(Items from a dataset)
----

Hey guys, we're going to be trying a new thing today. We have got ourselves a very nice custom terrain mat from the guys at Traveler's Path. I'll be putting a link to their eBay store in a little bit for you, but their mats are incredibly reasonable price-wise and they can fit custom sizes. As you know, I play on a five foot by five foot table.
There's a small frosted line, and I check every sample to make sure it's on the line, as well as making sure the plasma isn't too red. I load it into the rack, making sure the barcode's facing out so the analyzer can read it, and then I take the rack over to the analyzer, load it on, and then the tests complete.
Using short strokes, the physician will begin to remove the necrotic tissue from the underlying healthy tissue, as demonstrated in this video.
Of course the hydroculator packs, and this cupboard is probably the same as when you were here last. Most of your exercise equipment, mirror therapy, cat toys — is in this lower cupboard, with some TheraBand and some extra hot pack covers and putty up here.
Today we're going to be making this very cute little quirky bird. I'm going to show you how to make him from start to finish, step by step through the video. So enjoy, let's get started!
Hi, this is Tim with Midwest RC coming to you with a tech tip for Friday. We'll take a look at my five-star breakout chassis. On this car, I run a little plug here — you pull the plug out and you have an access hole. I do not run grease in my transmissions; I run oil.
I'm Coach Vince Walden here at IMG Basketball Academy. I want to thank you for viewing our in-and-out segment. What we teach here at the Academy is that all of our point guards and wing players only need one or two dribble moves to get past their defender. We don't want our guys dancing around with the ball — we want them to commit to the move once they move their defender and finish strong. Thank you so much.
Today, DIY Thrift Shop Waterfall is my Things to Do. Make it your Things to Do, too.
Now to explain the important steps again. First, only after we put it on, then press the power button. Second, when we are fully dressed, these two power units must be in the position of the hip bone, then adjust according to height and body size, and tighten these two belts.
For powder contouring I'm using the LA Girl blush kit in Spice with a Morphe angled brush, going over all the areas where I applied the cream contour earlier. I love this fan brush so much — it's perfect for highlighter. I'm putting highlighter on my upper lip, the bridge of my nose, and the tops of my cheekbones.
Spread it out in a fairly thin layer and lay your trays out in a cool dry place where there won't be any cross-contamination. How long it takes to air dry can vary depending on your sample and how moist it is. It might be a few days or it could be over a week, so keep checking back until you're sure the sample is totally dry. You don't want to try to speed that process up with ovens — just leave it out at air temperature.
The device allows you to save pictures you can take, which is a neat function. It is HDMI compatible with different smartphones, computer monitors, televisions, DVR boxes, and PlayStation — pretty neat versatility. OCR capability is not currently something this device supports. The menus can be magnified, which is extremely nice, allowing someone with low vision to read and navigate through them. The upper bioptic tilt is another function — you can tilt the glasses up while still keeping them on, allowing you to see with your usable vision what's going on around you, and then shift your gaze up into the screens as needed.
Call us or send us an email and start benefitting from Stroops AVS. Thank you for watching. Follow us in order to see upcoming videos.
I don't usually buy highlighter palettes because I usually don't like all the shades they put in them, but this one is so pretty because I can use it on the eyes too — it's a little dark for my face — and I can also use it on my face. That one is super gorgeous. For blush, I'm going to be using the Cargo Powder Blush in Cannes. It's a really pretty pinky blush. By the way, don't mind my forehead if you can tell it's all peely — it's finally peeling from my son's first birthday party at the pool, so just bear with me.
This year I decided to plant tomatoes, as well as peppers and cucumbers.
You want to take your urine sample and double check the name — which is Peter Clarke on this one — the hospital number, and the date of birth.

----

- [Requirement]
Above are the records; from them, give again exactly the lines from the one containing "Today, DIY Thrift" through the one containing "Call us or send", both included.

- [Task output]
Today, DIY Thrift Shop Waterfall is my Things to Do. Make it your Things to Do, too.
Now to explain the important steps again. First, only after we put it on, then press the power button. Second, when we are fully dressed, these two power units must be in the position of the hip bone, then adjust according to height and body size, and tighten these two belts.
For powder contouring I'm using the LA Girl blush kit in Spice with a Morphe angled brush, going over all the areas where I applied the cream contour earlier. I love this fan brush so much — it's perfect for highlighter. I'm putting highlighter on my upper lip, the bridge of my nose, and the tops of my cheekbones.
Spread it out in a fairly thin layer and lay your trays out in a cool dry place where there won't be any cross-contamination. How long it takes to air dry can vary depending on your sample and how moist it is. It might be a few days or it could be over a week, so keep checking back until you're sure the sample is totally dry. You don't want to try to speed that process up with ovens — just leave it out at air temperature.
The device allows you to save pictures you can take, which is a neat function. It is HDMI compatible with different smartphones, computer monitors, televisions, DVR boxes, and PlayStation — pretty neat versatility. OCR capability is not currently something this device supports. The menus can be magnified, which is extremely nice, allowing someone with low vision to read and navigate through them. The upper bioptic tilt is another function — you can tilt the glasses up while still keeping them on, allowing you to see with your usable vision what's going on around you, and then shift your gaze up into the screens as needed.
Call us or send us an email and start benefitting from Stroops AVS. Thank you for watching. Follow us in order to see upcoming videos.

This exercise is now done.